Write out the full listing exactly as given, minus the images.

### Data shown ###

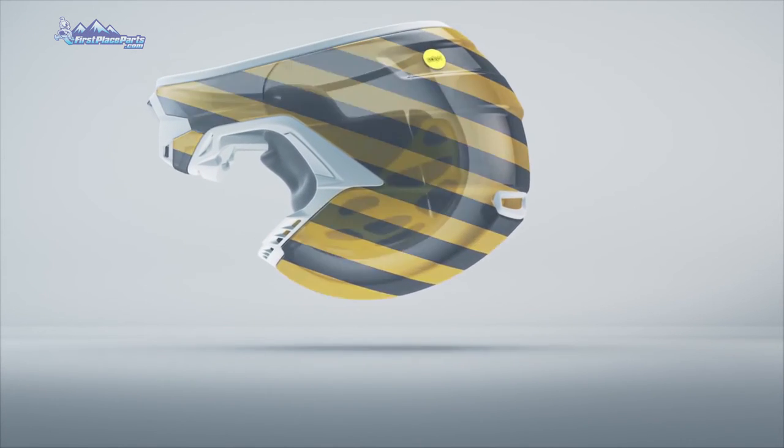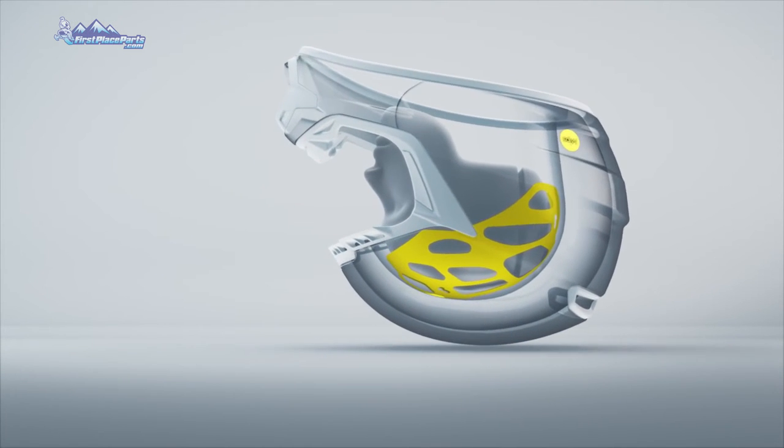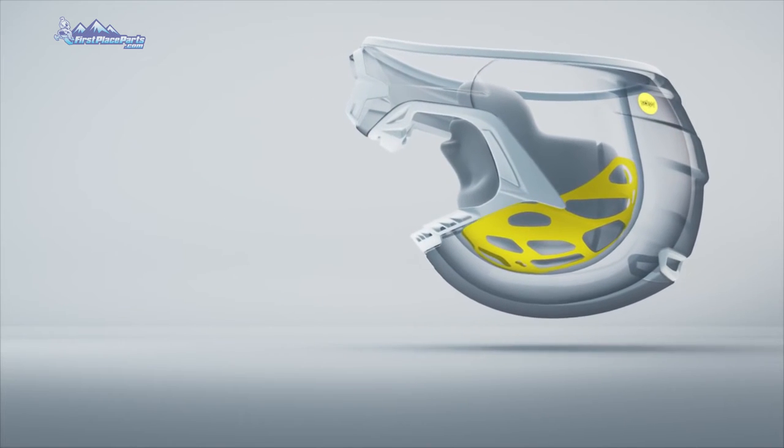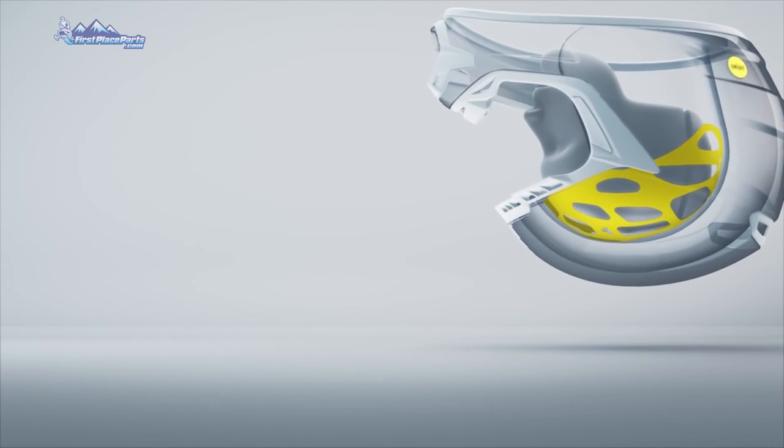You put it in a scenario where it rotates and those little connections are going to want to tear, creating an opportunity to do more damage. The MIPS layer is going to act as a slip in between there. It's going to allow that helmet to rotate a little bit at the point of impact, which is going to reduce that rotational force that goes directly to your head.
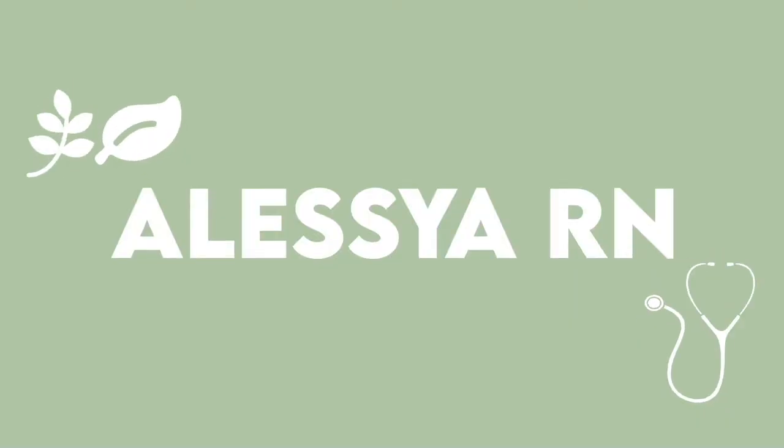Hey guys! We are doing a MetaClo review today. I'm so excited about it because I got some new scrubs in the mail today. This is the Faisal material, the Faisal line.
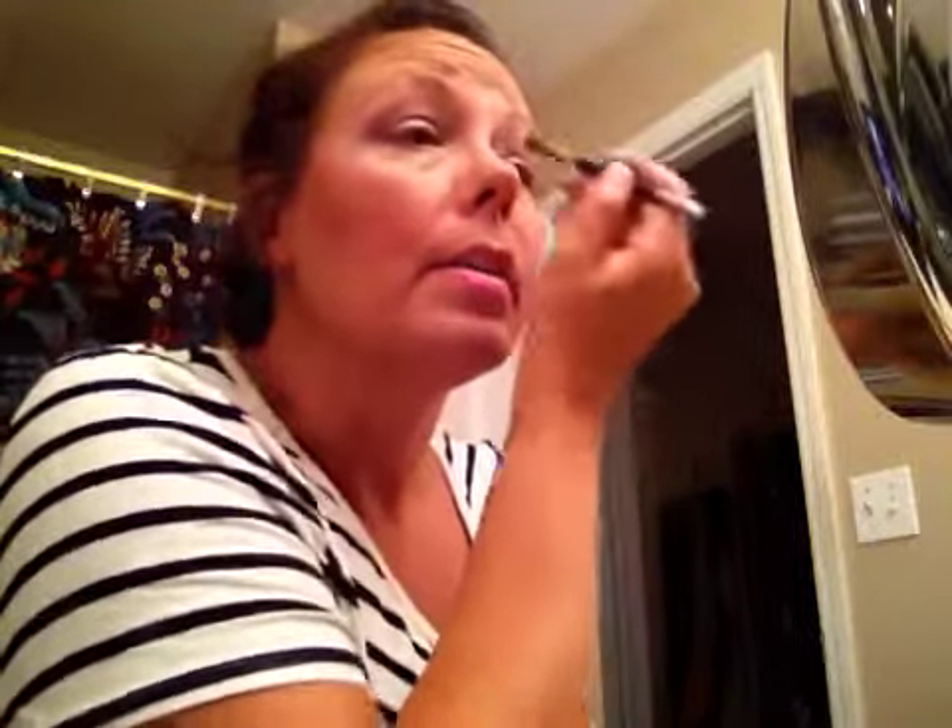The best part is once you get it on exactly the way you like it, it's on there all night — there's no creasing. It stays on there all day, all night. It's got to be the best stuff. Now, people compare it a lot to Bare Minerals. I've never used Bare Minerals so I can't give you my opinion on whether I like it better, the same, or less.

###

### Worked solution
You put it in a scenario where it rotates and those little connections are going to want to tear, creating an opportunity to do more damage. The MIPS layer is going to act as a slip in between there. It's going to allow that helmet to rotate a little bit at the point of impact, which is going to reduce that rotational force that goes directly to your head.
Hey guys! We are doing a MetaClo review today. I'm so excited about it because I got some new scrubs in the mail today. This is the Faisal material, the Faisal line.
The best part is once you get it on exactly the way you like it, it's on there all night — there's no creasing. It stays on there all day, all night. It's got to be the best stuff. Now, people compare it a lot to Bare Minerals. I've never used Bare Minerals so I can't give you my opinion on whether I like it better, the same, or less.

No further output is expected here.